**TASK BRIEF:** Output all of the lines below exactly, and leave out each image.

**DATA BLOCK:**
|---|
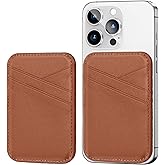 Miroddi Genuine Leather Magnetic Wallet Card Holder for iPhone 17/16/15/14/13/12 Series, 0.12” Ultra-Thin Magnetic Phone Wallet, 3 Card Slots, Fits 3 Cards, RFID Blocking, Brown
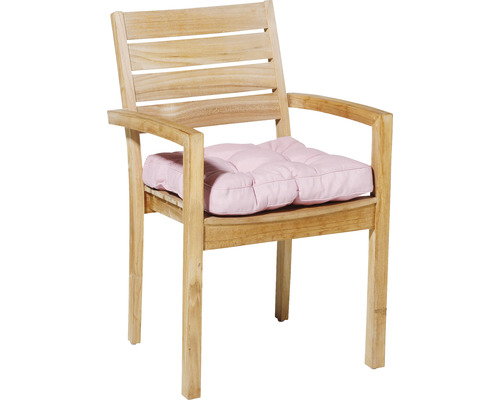 Dřevěné zahradní křeslo s područkami a růžovým polštářem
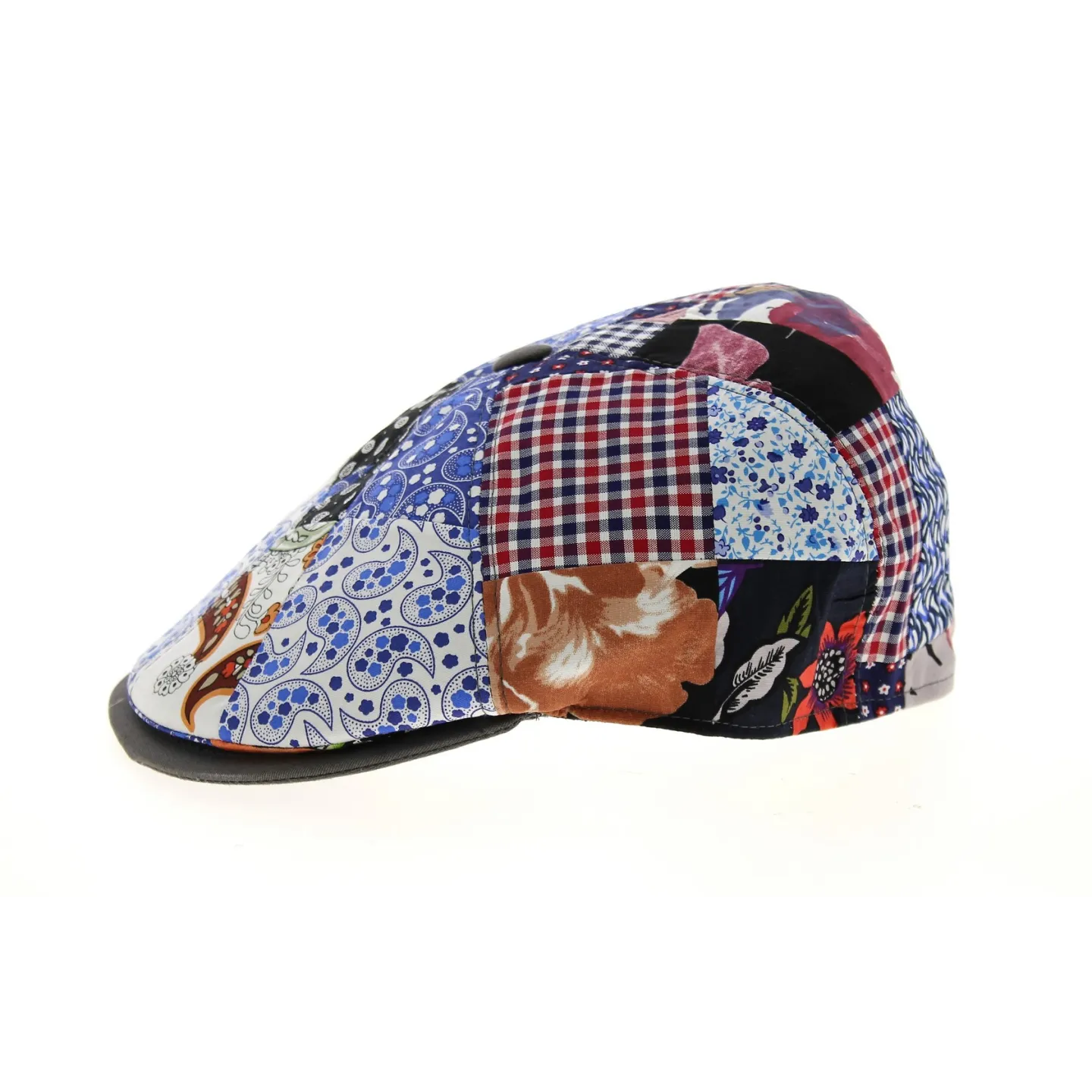 8-Panel Patchwork Cotton & Linen Cap - Traclet Reference: 10734 | Traclet Hatmakers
|---|
**FINISHED EXERCISE:**
 Miroddi Genuine Leather Magnetic Wallet Card Holder for iPhone 17/16/15/14/13/12 Series, 0.12” Ultra-Thin Magnetic Phone Wallet, 3 Card Slots, Fits 3 Cards, RFID Blocking, Brown
 Dřevěné zahradní křeslo s područkami a růžovým polštářem
 8-Panel Patchwork Cotton & Linen Cap - Traclet Reference: 10734 | Traclet Hatmakers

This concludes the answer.